En Colombia se limitan a dos: la CONCILIACIÓN y el ARBITRAMENTO y son el fruto de la mora judicial, del desprestigio de los jueces ordinarios y de la dejación de sus tareas naturales por el estado; tanto así, que cada día son mayores los procesos que exigen, como requisito previo para ser llevados a instancia judicial, que se agote la tan cacareada conciliación.

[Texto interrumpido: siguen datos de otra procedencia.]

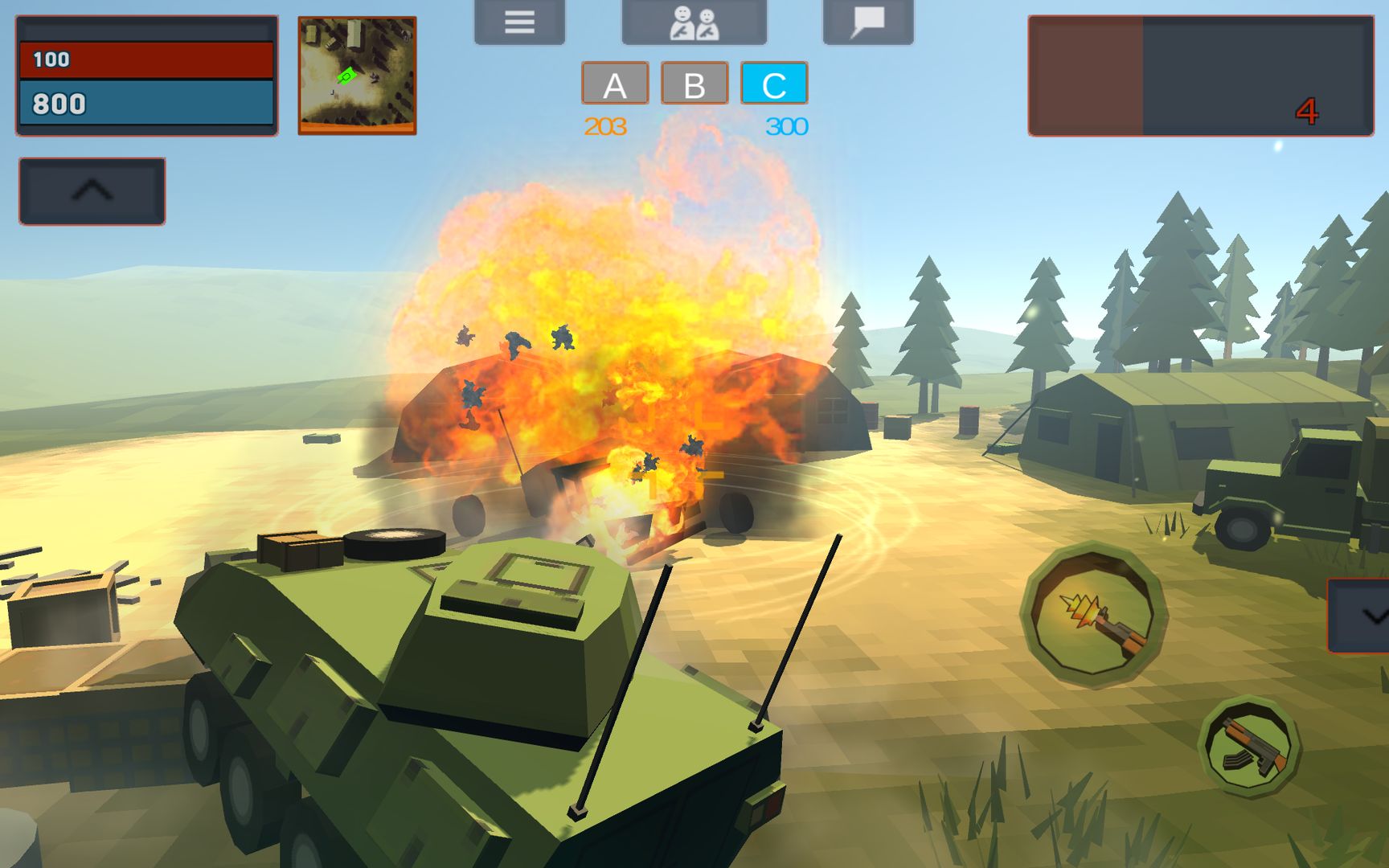 Screenshot of Crazy War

El primero supone que las partes, trabadas en un conflicto de carácter transigible, desistible y negociable -dada su connotación eminentemente económica- acuden a un tercero, imparcial y, supuestamente, preparado para esas tareas, ante quien podrán llevar a cabo su mutuo ejercicio de catarsis y de exploración conjunta de fórmulas distintas a la sentencia judicial para recomponer sus relaciones e intereses. En un escenario ideal el conciliador tendría el bagaje de ciencia y de vida, la trayectoria académica y los conocimientos propios de la clase de litigio que se pretende resolver, se tomaría el tiempo y haría uso de las herramientas de toda índole que fueran necesarios para alcanzar la muy loable finalidad de la institución si no fuera porque la conciliación se ha ido regulando por protocolos inanes con los que se pretende obviar su trascendencia jurídica siendo que, en cualquier caso, está llamada a producir efectos en derecho; por ende, lo que se evidencia en la enorme mayoría de las ocasiones es la violación flagrante del derecho de defensa del ciudadano desprevenido que acude a una cita de conciliación sin el debido asesoramiento jurídico. Y qué decir de las audiencias de conciliación judicial: una parodia de la que los jueces y fiscales –con muy contadas excepciones- buscan salir a la mayor brevedad, eso sí, no sin antes dejar clara su fobia hacia la intervención de sus colegas, los abogados de las partes.
El panorama del arbitramento es materia mas esponjosa que inicia desde la conformación de listas por abogados que en su prestigioso abolengo no exhiben ni siquiera unas horas de formación en la Ley de Arbitraje y que se juran conocedores de esta disciplina por el litigio o, lo que es peor, la mera docencia, en otras materias procesales o porque han ocupado cargos burocráticos per se tan distinguidos –magistrados de las altas cortes, por ejemplo- que sería prácticamente una blasfemia descalificar su amplio y profundo dominio de todas las materias jurídicas. Baste para demostrar lo dicho con dar un vistazo por los requisitos que se exigen por los Centros de Arbitraje de las más reconocidas Cámara de Comercio del país y cotejar éstos con los de algunos de sus árbitros, ojalá, con los de quienes, paradójicamente, son los más solicitados para conocer de negocios de gran cuantía –y, en consecuencia, altos honorarios profesionales-. El árbitro funge de juez sin el hábito y sin la práctica, dando aplicación a un ritual que tiene su caracterización propia, exigente de virtudes y calidades del mas alto calibre, demandante, entonces, de un sentido de pertenencia que infortunadamente no hemos hallado en nuestro recorrido por esos senderos. El arbitramento es, ni mas ni menos, justicia privada, en las manos de personas inconsecuentes, transitoriamente revestidas de la majestad de la justicia pero no en su acercamiento al ciudadano sino en el encumbramiento de los árbitros, cuyos pares magistrados serán los únicos que podrán revisar los respectivos laudos, dentro de un catálogo restringido de causales que en nada reparan en los derechos sustanciales debatidos al galope. Lastimosamente las cláusulas compromisorias son la tendencia en casi todos los contratos –inclusive en los de prestación de servicios!!!!- sin que las partes conozcan a profundidad las graves implicaciones que conlleva la renuncia al juez natural de su contienda.